The United States Supreme Court has long recognized that officials performing judicial, quasi-judicial, and prosecutorial functions are entitled to some protection from personal liability for acts taken in their official capacities. Thus, the Court has held that both judges, Mireles v. Waco, 502 U.S. 9 (1991), and prosecutors, Imbler v. Pachtman, 424 U.S. 409, 427 (1976), are entitled to immunity for actions they take as part of their official duties. For judicial immunity to apply, only two requirements must be met: 1) jurisdiction over the dispute, and 2) a judicial act. Wallace v. Powell, No. 3:09-cv-286, 2009 WL 4051974, at *7 (M.D. Pa. Nov. 20, 2009). As to the first, a judge is not immune only when he has acted in the "clear absence of all jurisdiction." Stump v. Sparkman, 435 U.S. 349 (1978) (citation omitted). As to the second prong, judicial immunity extends only to "judicial acts," not administrative, executive, or legislative ones. Id. at 360--61, 98 S.Ct. 1099. Prosecutors, on the other hand, have absolute immunity for conduct necessary to preparation and prosecution of a case.

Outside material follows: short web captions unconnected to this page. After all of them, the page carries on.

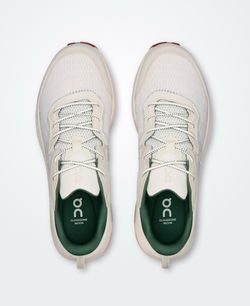 Cloudzone moon ivory|molly size 9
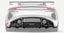 CARBON BODY KIT for LOTUS EMIRA
Set includes:
Front Lip
Front Bumper Canards
Hood / Bonnet
Side Skirts
Rear Spoiler
Rear Bumper Canards
Rear Diffuser
Material: Carbon Fiber
Note: Professional installation is required.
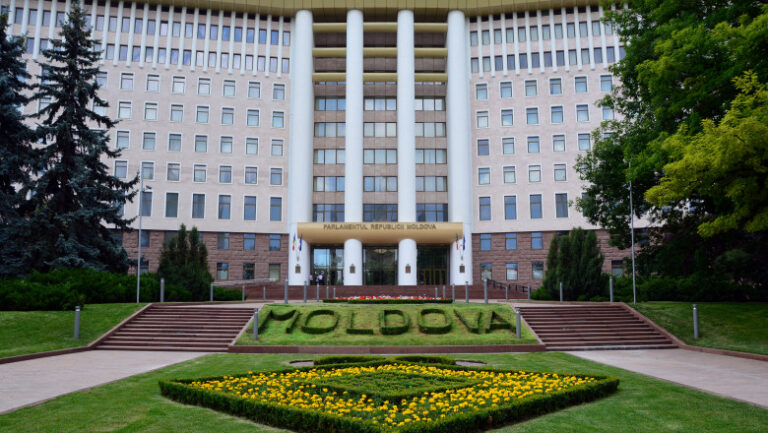 MAE: România şi partenerii din UE vor continua să sprijine cu fermitate securitatea energetică şi drumul european al Republicii Moldova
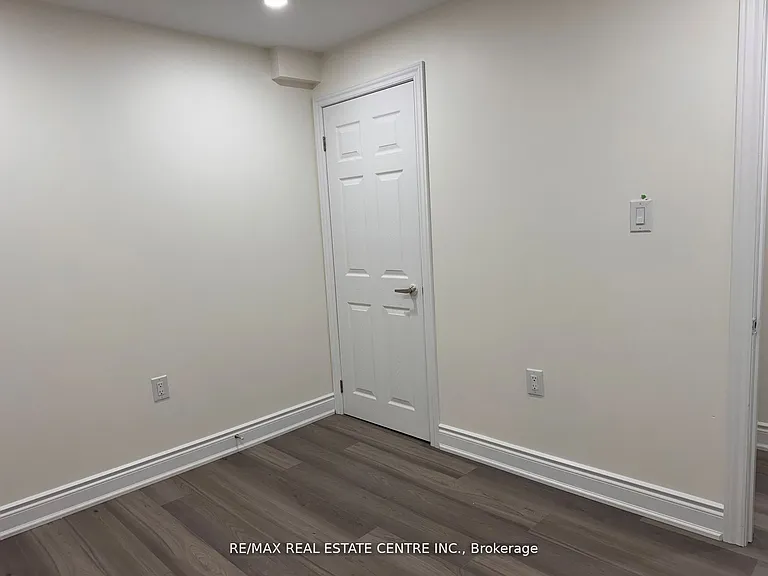 25 Parity Rd #BASEMENT — Photo 8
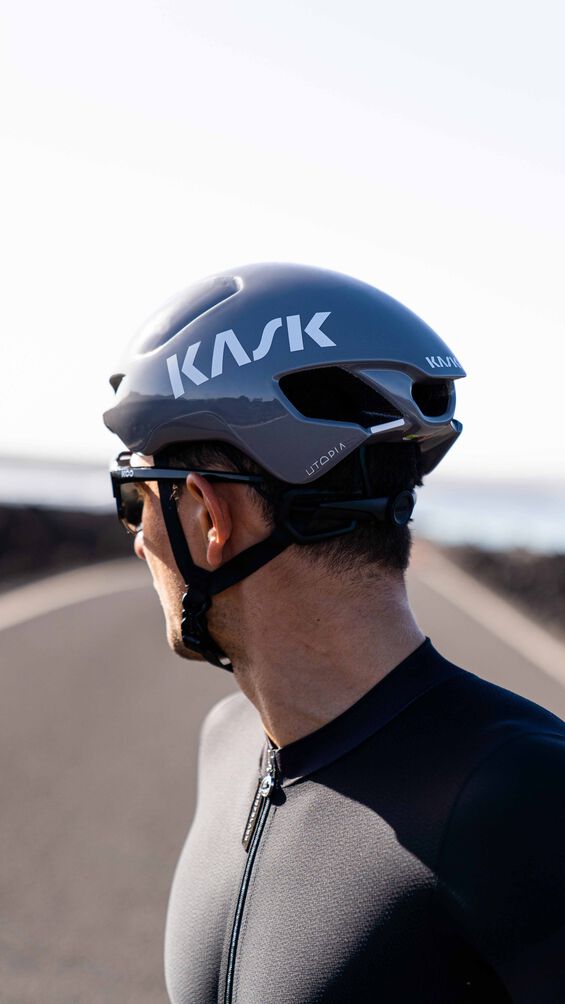 Casco Kask Utopia Y-thumbmail-15
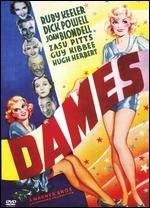 Dames picture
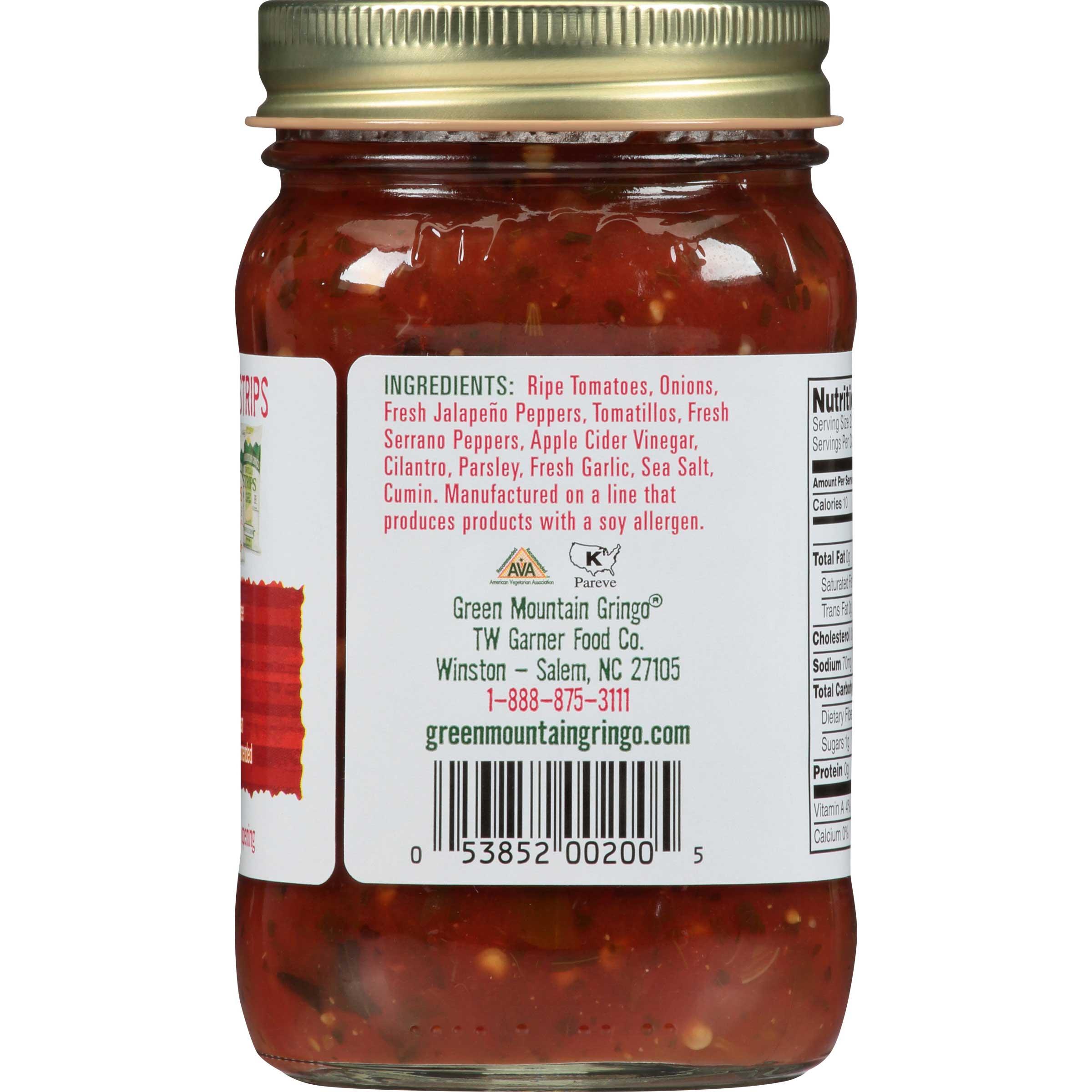 Product gallery 1533179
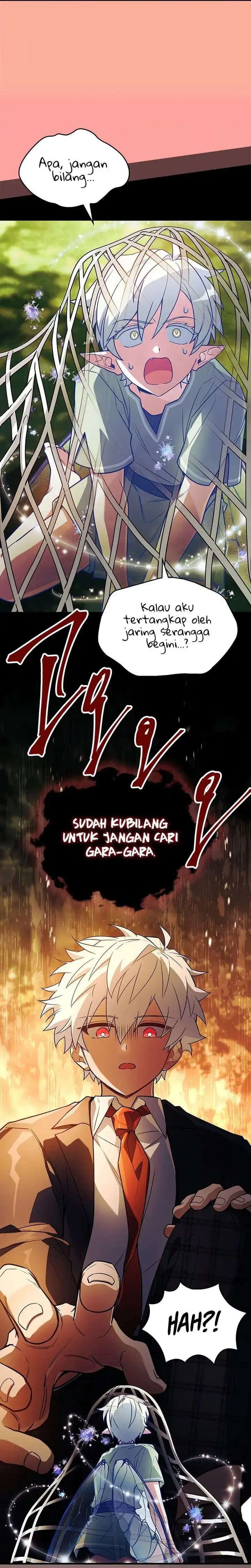 image-komik-the-legendary-hero-is-an-academy-honors-student-chapter-chapter-54-34/51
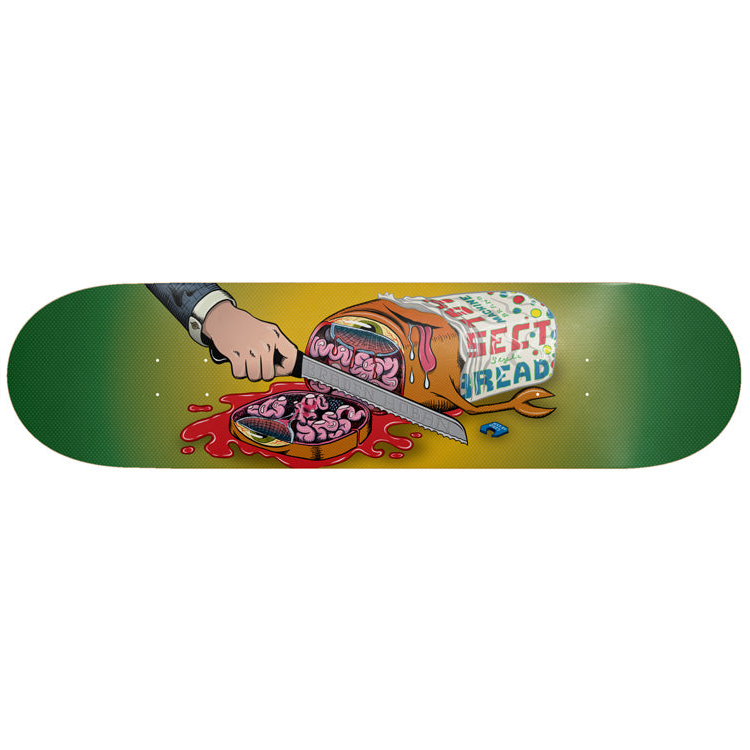 toy-machine-braden-hoban-sliced-8-50-tavola-da-skateboard image 2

These requirements being met here, Defendant Geroulo, the judge in Plaintiff's criminal trial, is entitled to judicial immunity and Defendant Lynott, the prosecutor in Plaintiff's criminal trial, is entitled to prosecutorial immunity.


For the reasons stated above, the Magistrate Judge's R&R will be adopted in full and Plaintiff's Complaint will be dismissed without prejudice. If Plaintiff intends to file a habeas corpus petition pursuant to 28 U.S.C. § 2254, he would be well-advised to follow the useful procedural roadmap provided by Magistrate Judge Carlson in his R&R. An appropriate order follows.

A. Richard Caputo United States District Judge


DION A. TEMPLE, Plaintiff, v. VITO GEROULO, Defendant.

CIVIL ACTION NO. 3:11-cv-79



ORDER NOW, this 25th day of April, 2011, after consideration of Magistrate Judge Carlson's Report and Recommendation (Doc. 10) recommending that Plaintiff's Motion to Proceed in forma pauperis (Doc. 2) be granted solely for purposes of filing this action and that Plaintiff's Complaint (Doc. 1) be dismissed without prejudice, as well as Plaintiff's Objections, IT IS HEREBY ORDERED THAT:

1. Plaintiff's Motion to Proceed in forma pauperis is GRANTED solely for the purposes of filing this action.

2. Plaintiff's Objections to the Magistrate Judge's Report and Recommendation are OVERRULED.

3. The Report and Recommendation is ADOPTED.

4. The Complaint is DISMISSED without prejudice.